I caused my mother’s death and didn’t get convicted.
I married 100 women and never got divorced.
I got born before my father, but I am considered perfectly normal?

Who am I?

A priest, whose mother dies from labor, who marries 100 women to 100 men, and whose father attends his birth.

Crashing Light Bulbs

You are living in a 100-floor apartment block. You know that there is one floor in the block, such that if you drop a light bulb from there or anywhere higher, it will crash upon hitting the ground. If you drop a light bulb from any floor underneath it however, the light bulb will remain intact. If you have two light bulbs at your disposal, how many drop attempts do you need such that you can surely find which the floor in question is?

The answer is 14 drops. You can do this by throwing the first bulb from floors 14, 27, 39, 50, 60, 69, 77, 84, 90, 95, 99, 100 (notice that the difference decreases always by 1) until it crashes and then start throwing the second bulb from the floors in between. For example, if the first bulb crashes at floor 69, you start throwing the second bulb from floors 61, 62, 63, etc. This way the total number of throws would be always at most 14.
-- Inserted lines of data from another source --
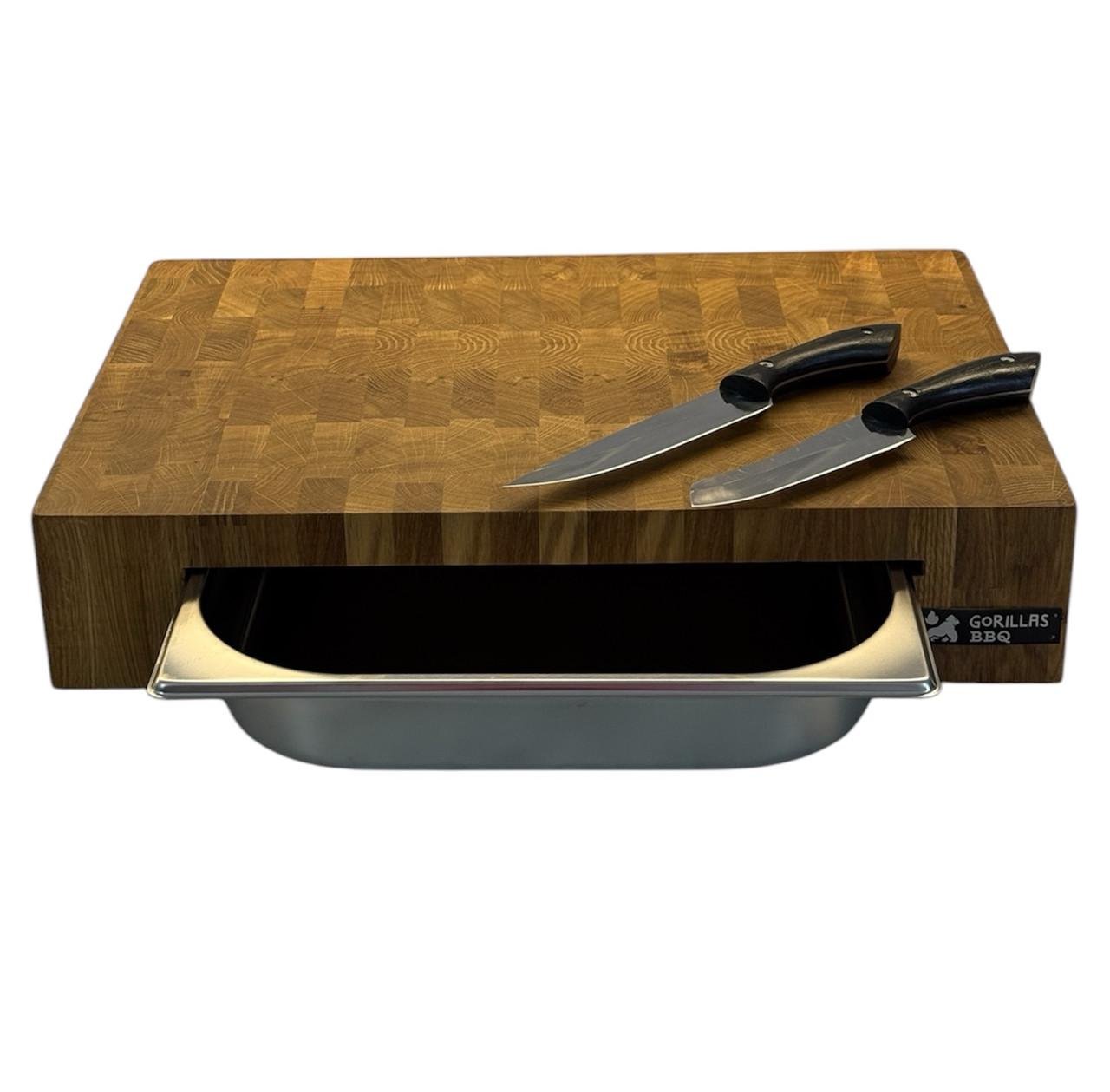 Набор кухонный Gorillas BBQ торцевая доска с гастроемкостью и набором из 2-х ножей (DS59)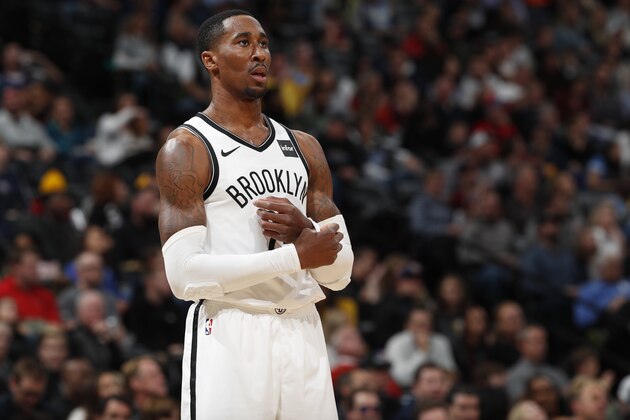 Brooklyn Nets forward Rondae Hollis-Jefferson (24) in the second half of an NBA basketball game Friday, Nov. 9, 2018, in Denver. The Nets won 112-110. (AP Photo/David Zalubowski)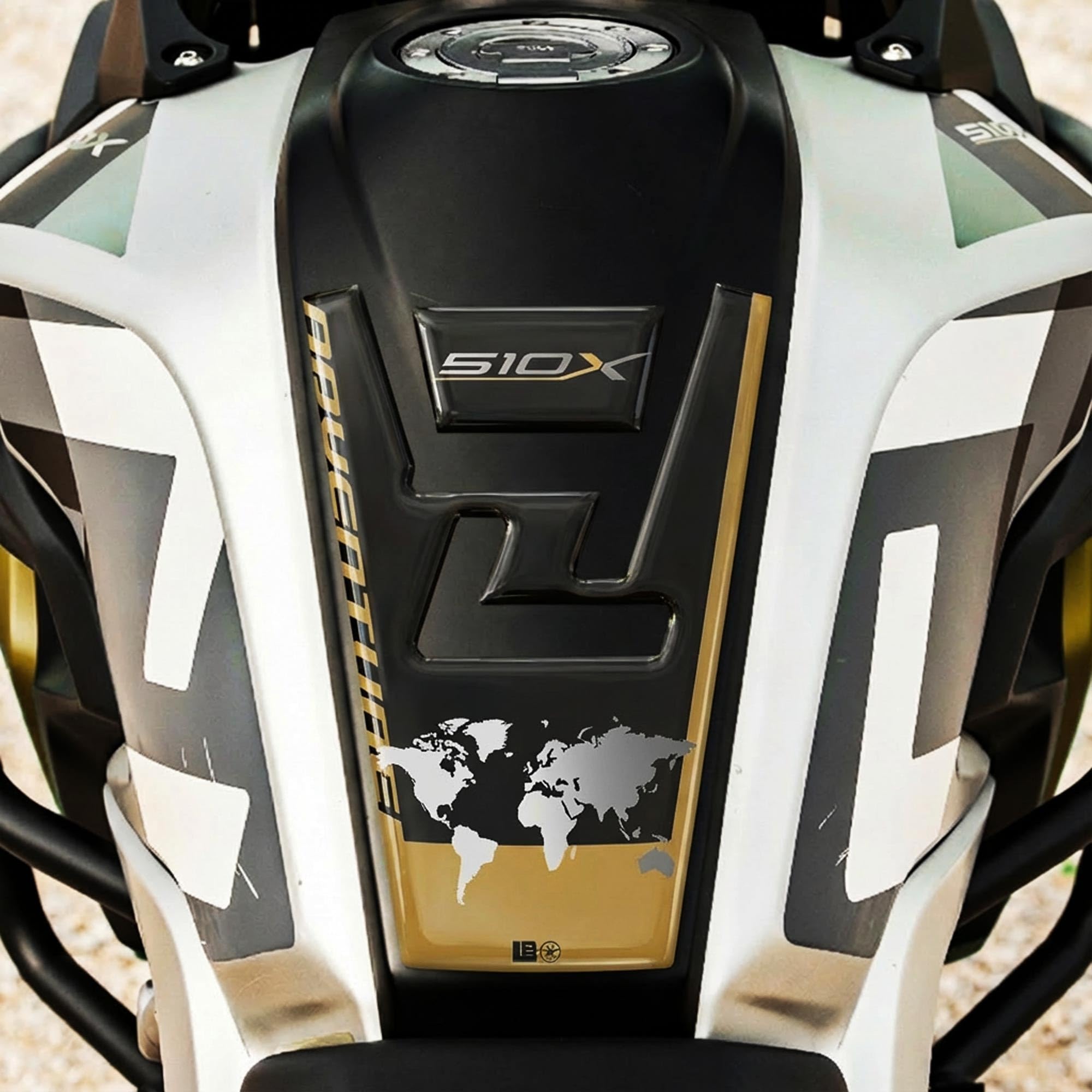 labelbike - Adesivo 3D Moto Paraserbatoio Protezione e Decorazione in Resina compatibile con Kove 510X Colore Oro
Proving that 14 is optimal is done using the same logic. In order to use at most 13 throws, the first throw should be made from floor 13 or lower. The second throw should be made from floor 13+12 or lower, the third throw should be made from floor 13+12+11 or lower, etc. Continuing with the same argument, we conclude that the 13th drop should be made from floor 13+12+…+2+1=91 or lower. However, if the first light bulb does not crash after the last throw, you will not be able to find out which number among 92-100 is X.

The Majority Name

In a long list of names, one of the names appears more than half of the time. You will be read the names one at a time, without knowing how many they are, and without being able to write them down. If you have a very weak memory, how can you figure out which is the majority name?
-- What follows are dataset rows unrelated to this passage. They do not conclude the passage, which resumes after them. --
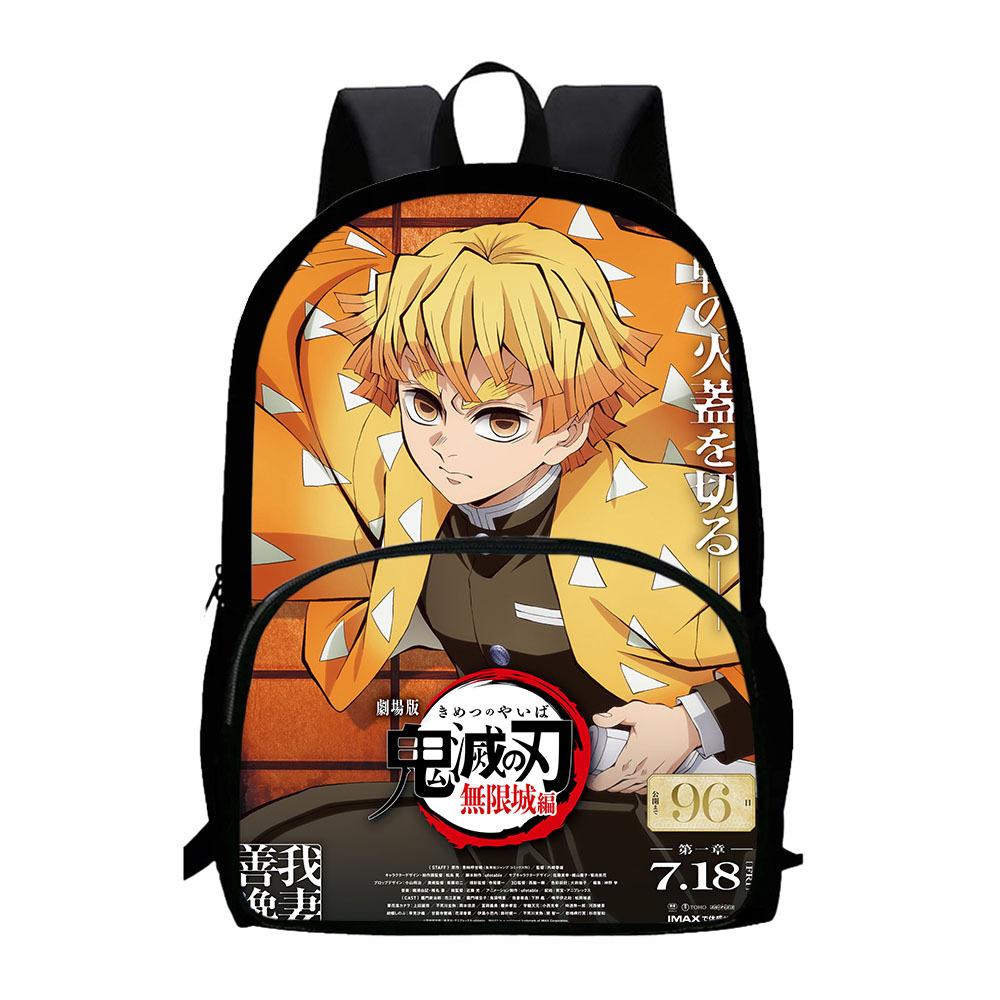 Japonské kreslené komiksy Demon Slayer: Kimetsu no Yaiba - Oblouk Nekonečného hradu Dětský batoh Velkokapacitní batoh s kapsou na zip 0015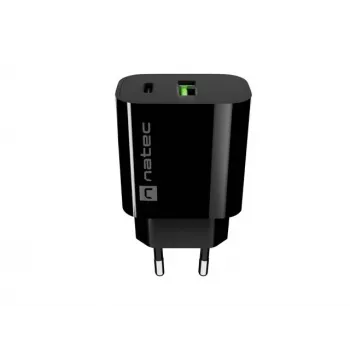 NATEC Ribera Sieninis Įkroviklis 1x USB-A + 1x USB-C 20W Juodas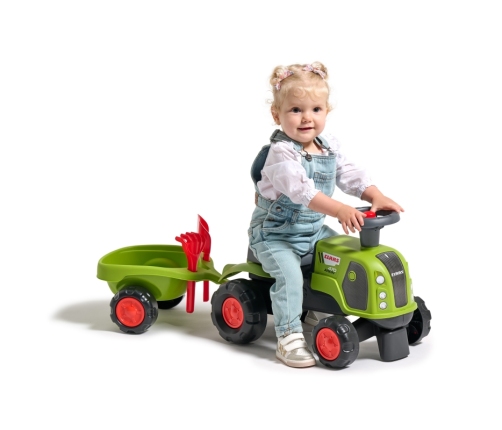 FALK Jeździk Claas 470 Arion Zielony z Przyczepką + Zestaw do piasku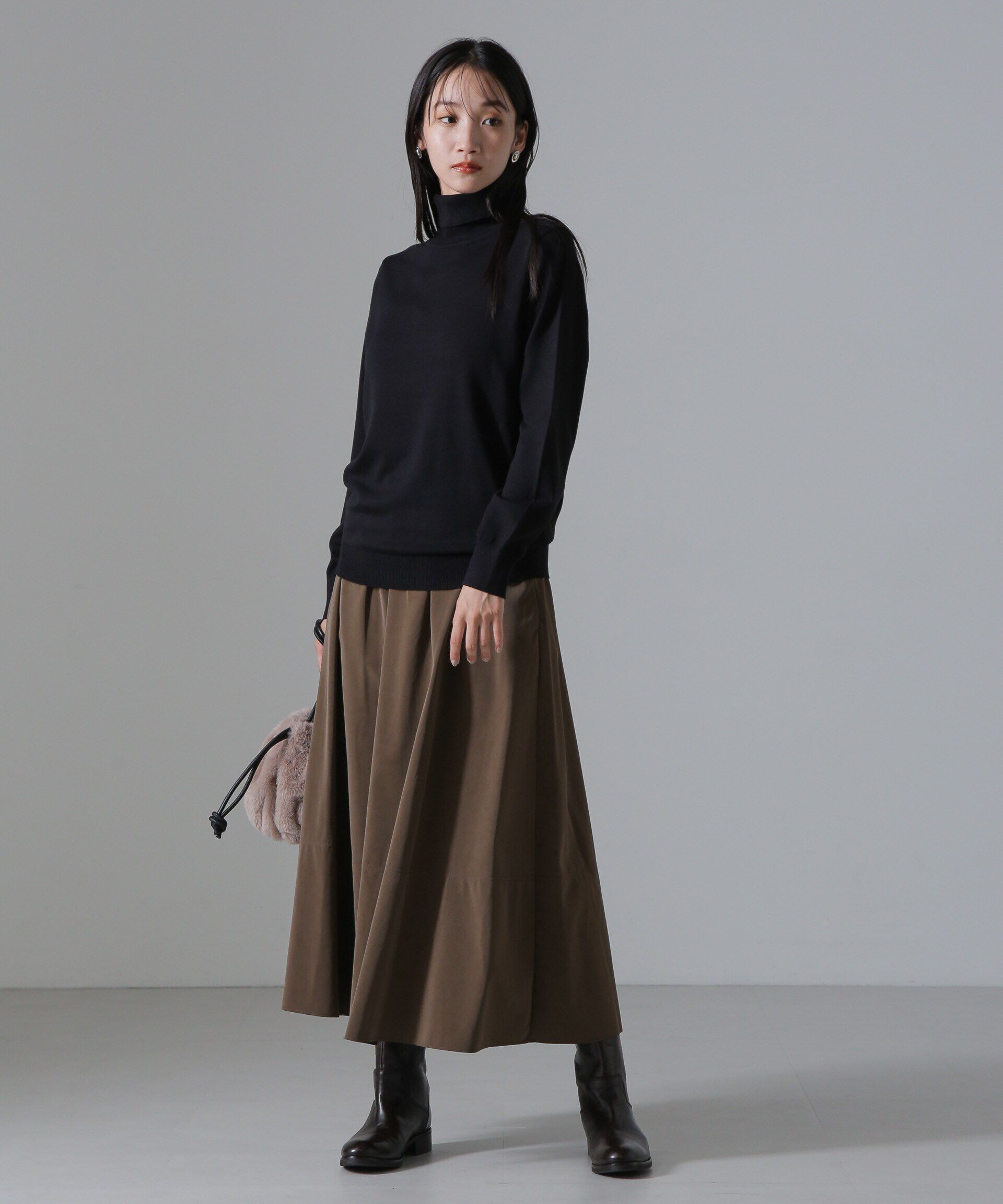 nano･universe「ピーチフェイクレザーボリュームスカート(セットアップ可)」|スカート|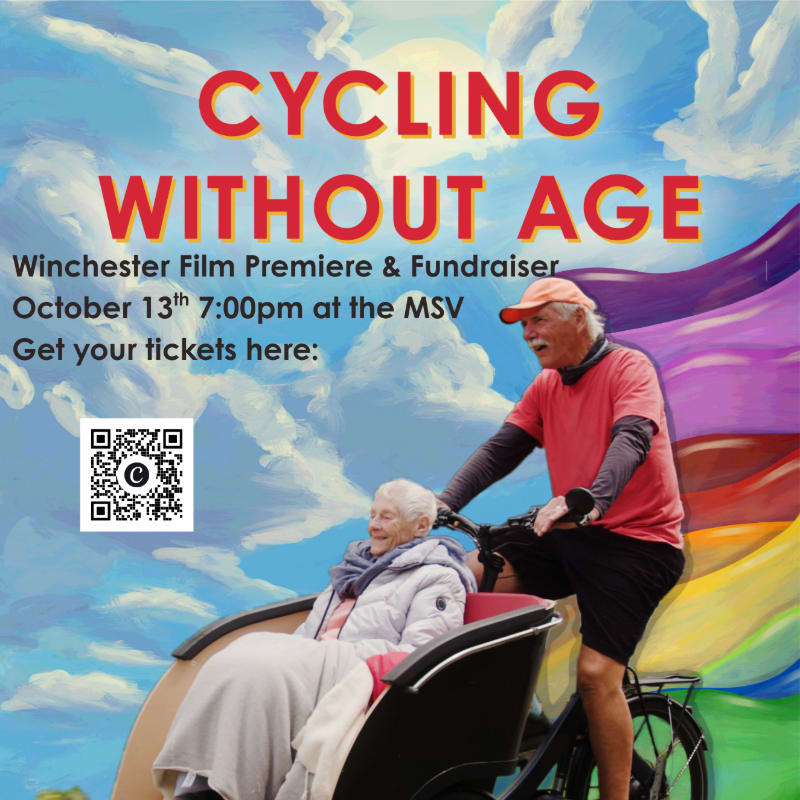 A man pedals a rickshaw carrying an elderly woman in the foreground, set against a background of a blue sky and a colorful rainbow wave with event text.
Remember the first name and then keep track of whether it has been repeated more than half of the time. To do that, simply add 1 if you hear the name or subtract one when you hear another name. If the list finishes and your counter is positive, then the first name is the majority. If your counter drops to 0, simply restart the procedure with the next name you hear.

This algorithm, invented by R. Boyer and J. Moore, works, because if the counter ends up at 0, then each of the names up to that moment has been read at most half of the time. Therefore, the majority name appears more than half of the time in the remainder of the list.

Vectors -1, 0, 1

Consider all 1024 vectors in a 10-dimensional space with elements ±1. Show that if you change some of the elements of some of the vectors to 0, you can still choose a few vectors, such that their sum is equal to the 0-vector.
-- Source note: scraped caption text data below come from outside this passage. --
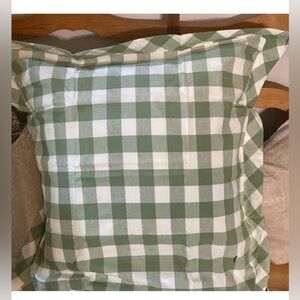 Euro Sham Gingham Buffalo Check Plaid Southern Living Green White Cotton & Linen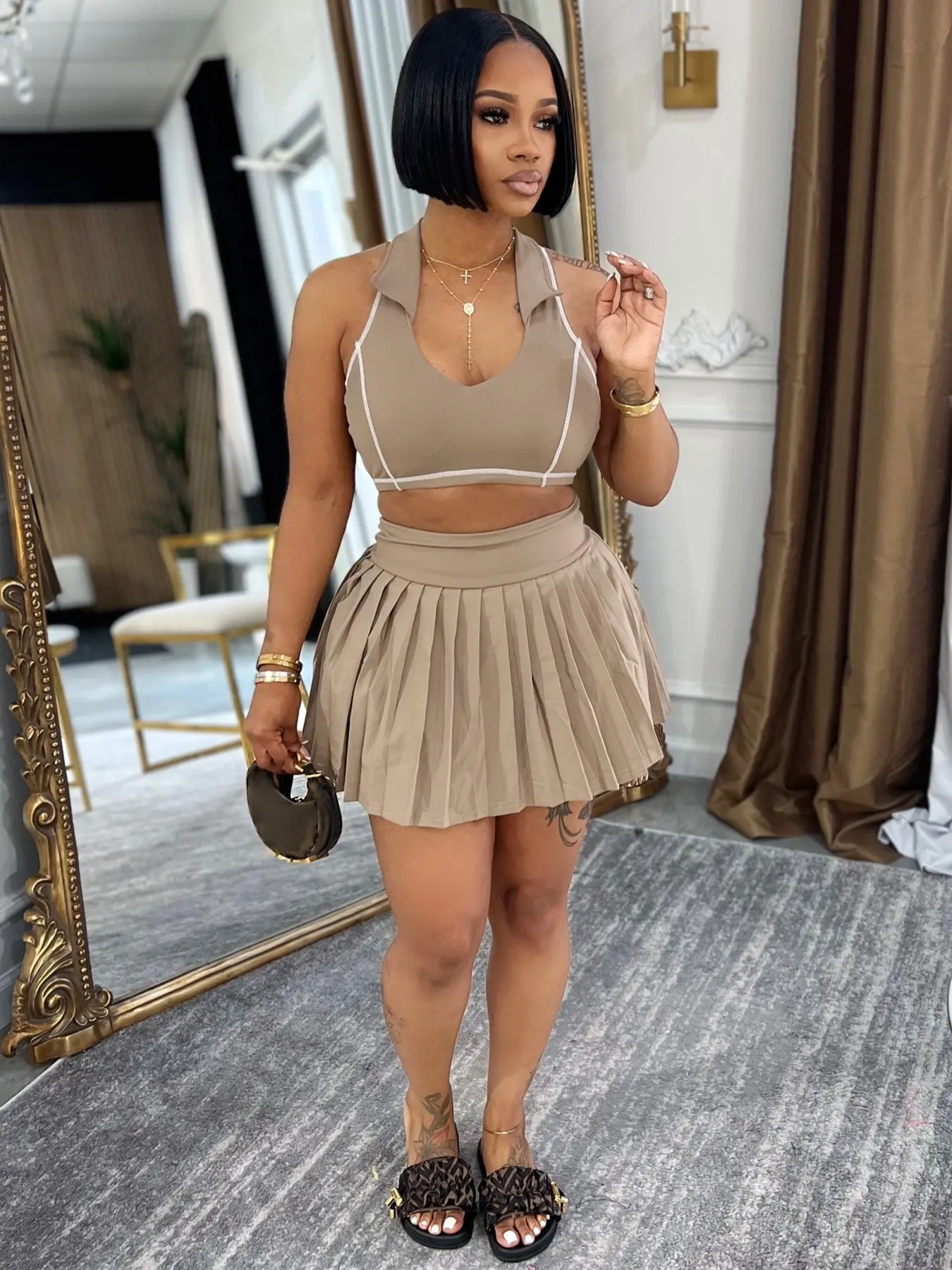European and American Fashion Women's Collared Tank Top Set, Inner Safety Pants, Pleated Short Skirt, Two-Piece for Women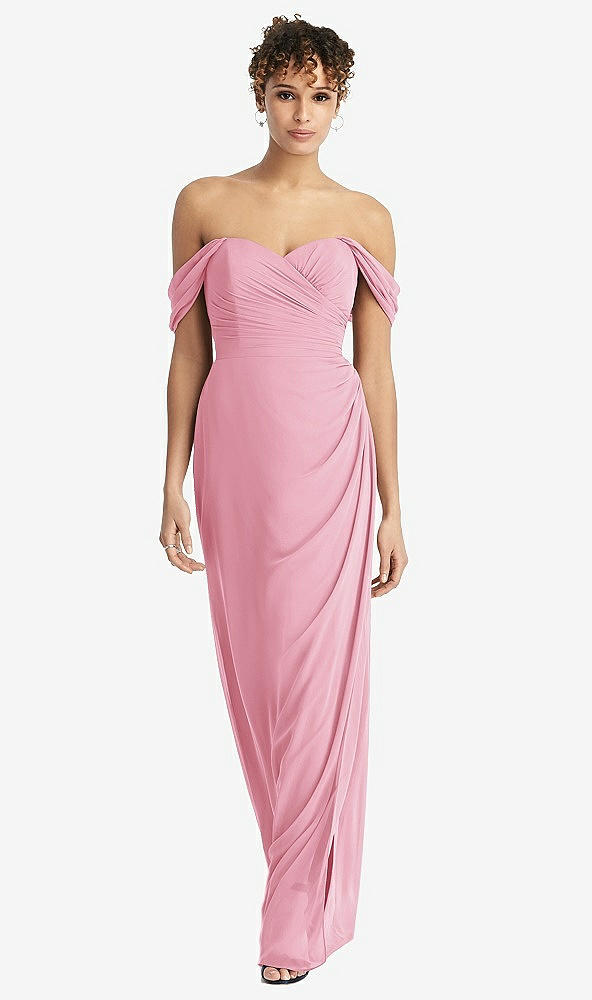 Front View - Peony Pink Draped Off-the-Shoulder Maxi Dress with Shirred Streamer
Denote the 1024 vectors with ui and their transformations with f(ui). Create a graph with 1024 nodes, labeled with ui. Then, for every node ui, create a directed edge from ui to ui-2f(ui). This is a valid construction, since the vector ui-2f(ui) has elements -1, 0, and 1 only. In the resulting graph, there is a cycle:

v1 ⇾ v2 ⇾ … ⇾ vk ⇾ v1.

Now, if we pick the (transformed) vectors from this cycle, their sum is the 0-vector:

f(v1) + f(v2) + … + f(vk) = (v2 – v1)/2 + (v3 – v2)/2 + … + (v1 – vk)/2 = 0.

Einstein’s Puzzle

There are 5 houses and each of them has a different color. Their respective owners have different heritages, drink different types of beverages, smoke different brands of cigarettes, and look after different types of pets. It is known that:

  1. The Brit lives in the red house.
  2. The Swede keeps dogs as pets.
  3. The Dane drinks tea.
  4. Looking from in front, the green house is just to the left of the white house.
  5. The green house’s owner drinks coffee.
  6. The person who smokes Pall Malls raises birds.
  7. The owner of the yellow house smokes Dunhill.
  8. The man living in the center house drinks milk.
  9. The Norwegian lives in the leftmost house.
  10. The man who smokes Blends lives next to the one who keeps cats.
  11. The man who keeps a horse lives next to the man who smokes Dunhill.
  12. The owner who smokes Bluemasters also drinks beer.
  13. The German smokes Prince.
  14. The Norwegian lives next to the blue house.
  15. The man who smokes Blends has a neighbor who drinks water.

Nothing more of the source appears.